Cuando era niña intenté pasar un día íntegro siendo buena, como me habían enseñado papá, mamá, el catecismo y mi maestra. No voy a mentir ahora: no pude. Les eché la culpa a mis hermanos que, incapaces de apreciar mi loable empeño judeocristiano, continuaban molestándome y tocando mis juguetes, manoseando al ángel de mi paciencia. Empezaba mi lento descubrimiento del amasijo de contradicciones que es la realidad. Lo único que conseguí fue, oh, vanidad herida, constatar la fragilidad de mis intenciones.

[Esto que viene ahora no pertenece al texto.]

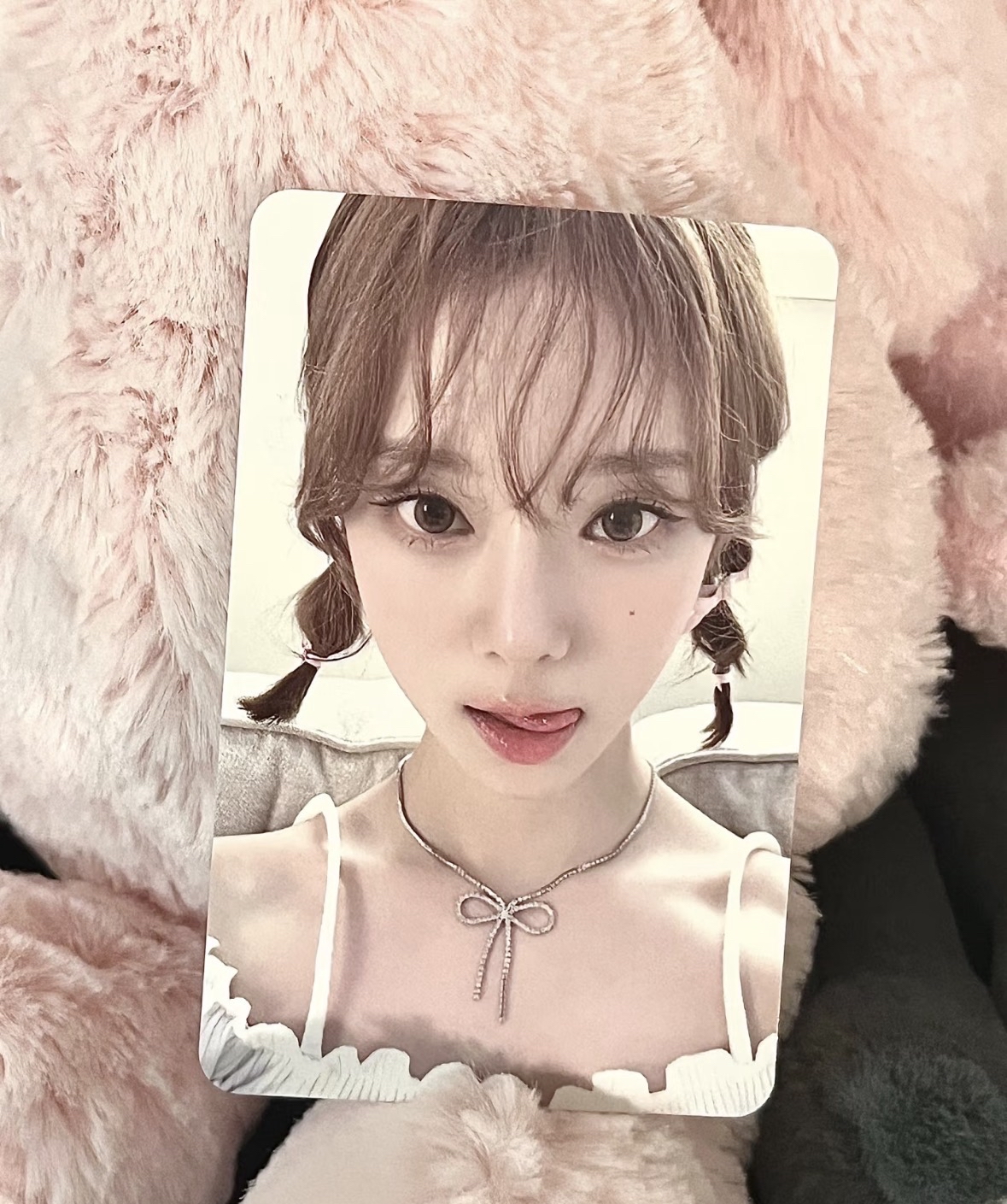 aespa | 吐舌冬🐶(含綁）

Con modestia, reduje entonces mi meta. Intenté no mentir. Y descubrí las mentiras de los mayores: que en el trabajo en grupo, en la escuela, merecíamos todos la misma nota; que las relaciones familiares eran armónicas y cordiales; que confesar los pecados nos absolvía de ellos. Me quedé sola con mi intento. Y aprendí a contradecir.

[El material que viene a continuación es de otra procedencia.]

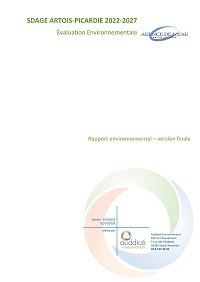Évaluation environnementale du SDAGE 2022-2027 {PDF}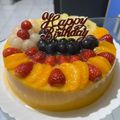 Cooksnap dari Ester Lamda untuk resep Puding mangga cocok untuk ultah/lamaran/dll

Menciono todo esto porque compartimos un país que apenas se sostiene entre sus ideales de justicia social, y la pauperización y el despojo; entre el narcopoder y el estado de derecho. Y de todos los pecados que podemos reprochar a la clase política que nos condujo a esta cuerda floja, el que más puntos de sutura nos produjo fue el engaño.

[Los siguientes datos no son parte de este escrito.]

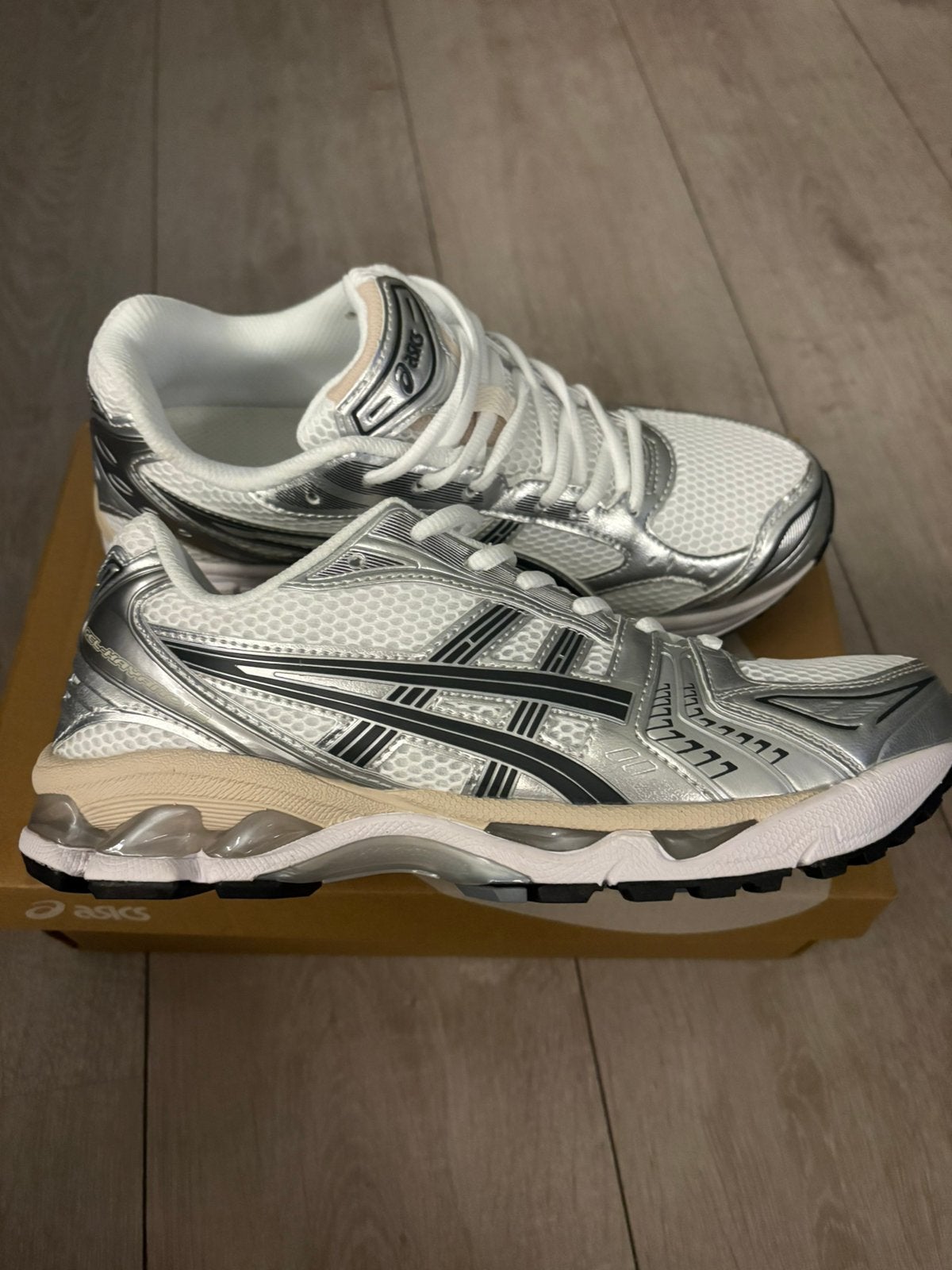 Asics, Ophalen of Verzenden, Nieuw, Hardloopschoenen, Asics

Dejando de lado lo que como ciudadanos podamos hacer para defendernos, me devuelvo a mi tosco aprendizaje de niña de lo que debía ser la rectitud y me pregunto si no padecemos todos de las mismas debilidades. Pocos habrá que no hayan mentido en su declaración de impuestos, en sus votos de fidelidad, sobre sus adicciones, sobre sus deseos secretos, a su abogado, a su médico, a sus hijos, a su psicólogo, a sí mismos. Está bien exigir honradez a nuestros dirigentes, pero qué tal intentar alcanzar nosotros la estatura moral que de ellos esperamos. Empecemos por ahí. Por donde debieron haber empezado ellos, cuando no eran más que estudiantes de primaria.
Lo admito: se pagan precios incómodos por no mentir. De hecho me rebajaron la cobertura del seguro por declarar que no puedo levantar el brazo derecho; alguien me guardó décadas de rencor porque le confesé que no recordaba quién era; ni para qué hablar de ese espantoso momento en que hay que responder a la letal pregunta del cómo me veo.
Pero precios más altos se pagan por mentir. La mentira daña porque socava la confianza. En la pareja, en los padres, en los padres de la patria. Si a la justicia la pintan ciega, a la verdad la pintó desnuda Boticelli: tanto porque nada oculta, como porque es así de vulnerable.
No importa. Ser honesto es difícil, pero se aprende.